I like to find my go-to and stay consistent. So I think it's just the relationships you build and I'll try all things out. For example, there's a woman in town, she just started to create this amaranth granola, and it's a fantastic product. And what I love about it is she has her head on straight and I know off the shoot that she's a good business owner.

She just got up and running and we were one of the first places to sell her product, but she's doing all the right things to run a successful business. And so yes, I want to work with her. I had a guy recently come in and he had some dried herbs and he wanted to sell them like in a zip lock baggie with no label. And it's that's not the right fit for us. We need a professional look to everything we're selling.

Diego: [00:45:32] Have you found things that just haven't worked?

Jenny Quiner: [00:45:35] We've had some products that we've tried and they're just not moving a whole lot. And so what I do is just, keep them on the shelf until they sell and then I don't restock it.
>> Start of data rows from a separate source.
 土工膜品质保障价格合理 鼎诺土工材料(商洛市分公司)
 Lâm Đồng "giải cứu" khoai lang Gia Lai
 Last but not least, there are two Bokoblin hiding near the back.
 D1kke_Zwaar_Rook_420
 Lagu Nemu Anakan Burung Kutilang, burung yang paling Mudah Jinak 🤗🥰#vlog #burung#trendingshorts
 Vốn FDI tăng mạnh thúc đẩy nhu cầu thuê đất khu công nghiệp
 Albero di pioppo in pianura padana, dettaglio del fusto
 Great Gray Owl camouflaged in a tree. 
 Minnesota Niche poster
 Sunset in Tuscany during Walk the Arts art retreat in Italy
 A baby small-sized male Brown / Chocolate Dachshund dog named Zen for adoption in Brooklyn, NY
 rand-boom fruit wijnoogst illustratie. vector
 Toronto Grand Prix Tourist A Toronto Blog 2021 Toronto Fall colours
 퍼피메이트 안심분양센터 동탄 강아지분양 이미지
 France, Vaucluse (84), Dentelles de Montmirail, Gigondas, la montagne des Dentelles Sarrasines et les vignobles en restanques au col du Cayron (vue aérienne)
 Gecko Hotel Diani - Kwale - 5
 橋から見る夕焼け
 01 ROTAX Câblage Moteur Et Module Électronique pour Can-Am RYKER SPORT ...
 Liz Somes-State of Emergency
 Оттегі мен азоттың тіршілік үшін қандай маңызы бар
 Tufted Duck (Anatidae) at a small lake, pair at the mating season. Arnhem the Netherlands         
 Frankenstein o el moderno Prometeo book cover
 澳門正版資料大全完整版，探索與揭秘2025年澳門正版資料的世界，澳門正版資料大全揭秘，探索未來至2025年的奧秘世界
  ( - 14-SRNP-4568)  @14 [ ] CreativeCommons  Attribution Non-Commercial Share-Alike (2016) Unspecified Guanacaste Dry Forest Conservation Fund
And it's not like I would say for example, cream honey, which I love and I thought people would like it more. It's not nearly as big of a mover as just your typical honey. So every week I do a farm stand email with what we have fresh and recipe ideas and so on. And I did a big kind of promo on creamed honey but I still had trouble moving it.

So next season, I don't think I'll stock it. you try and if it doesn't work, that's fine. Figure out something else that will fill that space better.

Diego: [00:46:18] When you look at all the products too that you're carrying, how do you approach it from a, this is what I need to make on a unit basis. Do you have a band in there and is that band different say from fresh produce to something in a jar to meat, to dairy. How do you work that? Cause obviously this has to make money at the end of the day. It's not just a feel good thing.

Jenny Quiner: [00:46:43] Definitely. So with our non-perishables that are going to be shelf-stable, generally it's a 30% markup and, that's pretty much our go-to rate for that.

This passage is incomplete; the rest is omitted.